DATA EXTRACT:
• • •
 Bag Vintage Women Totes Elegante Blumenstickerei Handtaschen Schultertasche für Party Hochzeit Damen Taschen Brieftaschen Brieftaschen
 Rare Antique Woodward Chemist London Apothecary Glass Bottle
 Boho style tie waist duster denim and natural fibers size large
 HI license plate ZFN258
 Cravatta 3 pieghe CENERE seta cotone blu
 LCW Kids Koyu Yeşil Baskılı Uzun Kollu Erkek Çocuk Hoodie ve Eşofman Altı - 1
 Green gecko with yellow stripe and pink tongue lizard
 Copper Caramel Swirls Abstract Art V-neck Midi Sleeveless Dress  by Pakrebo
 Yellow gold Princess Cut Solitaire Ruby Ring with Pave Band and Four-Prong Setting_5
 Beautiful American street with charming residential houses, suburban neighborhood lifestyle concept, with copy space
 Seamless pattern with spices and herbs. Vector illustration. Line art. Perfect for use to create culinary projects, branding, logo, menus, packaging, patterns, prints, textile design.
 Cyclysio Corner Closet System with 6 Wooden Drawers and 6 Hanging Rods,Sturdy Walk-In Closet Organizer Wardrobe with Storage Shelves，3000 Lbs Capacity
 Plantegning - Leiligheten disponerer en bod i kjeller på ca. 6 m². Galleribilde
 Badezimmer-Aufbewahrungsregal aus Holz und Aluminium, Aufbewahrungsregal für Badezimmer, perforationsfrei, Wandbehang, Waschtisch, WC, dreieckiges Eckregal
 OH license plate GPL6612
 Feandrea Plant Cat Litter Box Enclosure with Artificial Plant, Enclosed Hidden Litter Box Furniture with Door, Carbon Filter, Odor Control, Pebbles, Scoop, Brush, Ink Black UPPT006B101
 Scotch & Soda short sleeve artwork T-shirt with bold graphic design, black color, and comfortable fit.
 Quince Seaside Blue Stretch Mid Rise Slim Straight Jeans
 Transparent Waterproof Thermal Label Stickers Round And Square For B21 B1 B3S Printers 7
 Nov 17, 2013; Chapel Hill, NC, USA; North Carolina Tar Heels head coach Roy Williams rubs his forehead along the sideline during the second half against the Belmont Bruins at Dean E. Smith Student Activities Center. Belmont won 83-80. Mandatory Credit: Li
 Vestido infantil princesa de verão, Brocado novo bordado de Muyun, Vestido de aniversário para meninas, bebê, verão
• • •
WHAT THE TASK ASKS:
Nothing but a number should be returned: how many lines of the listing include "plate".

WRITTEN RESPONSE:
2